_Data to examine_:
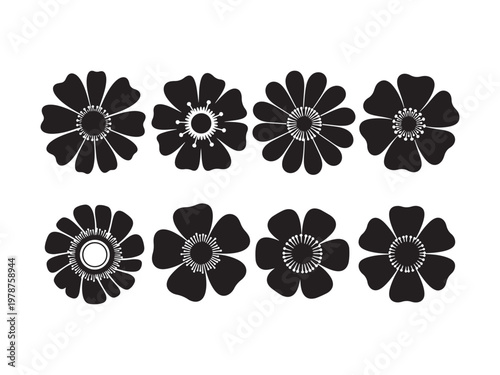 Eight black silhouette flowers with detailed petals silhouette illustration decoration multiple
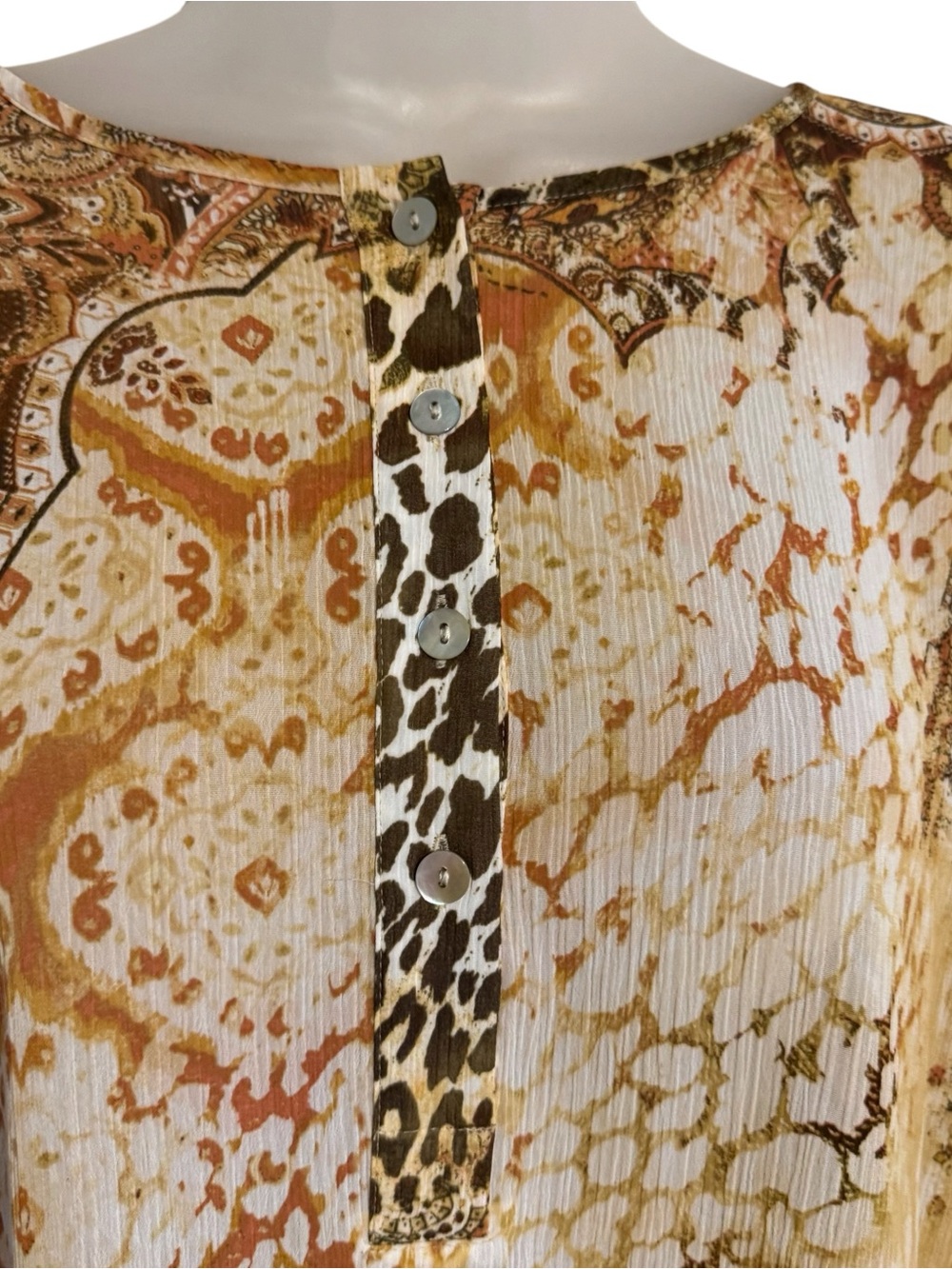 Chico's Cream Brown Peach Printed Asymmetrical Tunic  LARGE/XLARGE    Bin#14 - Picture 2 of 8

==

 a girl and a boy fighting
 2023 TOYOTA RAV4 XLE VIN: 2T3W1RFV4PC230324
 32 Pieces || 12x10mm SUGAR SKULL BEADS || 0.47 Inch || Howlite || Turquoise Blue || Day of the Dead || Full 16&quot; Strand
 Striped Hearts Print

_Aim of the exercise_: Copy the lines above between the one holding "Eight black silhouette" and the one holding "Chico's Cream Brown", inclusive. Drop the pictures.

_Response for this exercise_:
 Eight black silhouette flowers with detailed petals silhouette illustration decoration multiple
 Chico's Cream Brown Peach Printed Asymmetrical Tunic  LARGE/XLARGE    Bin#14 - Picture 2 of 8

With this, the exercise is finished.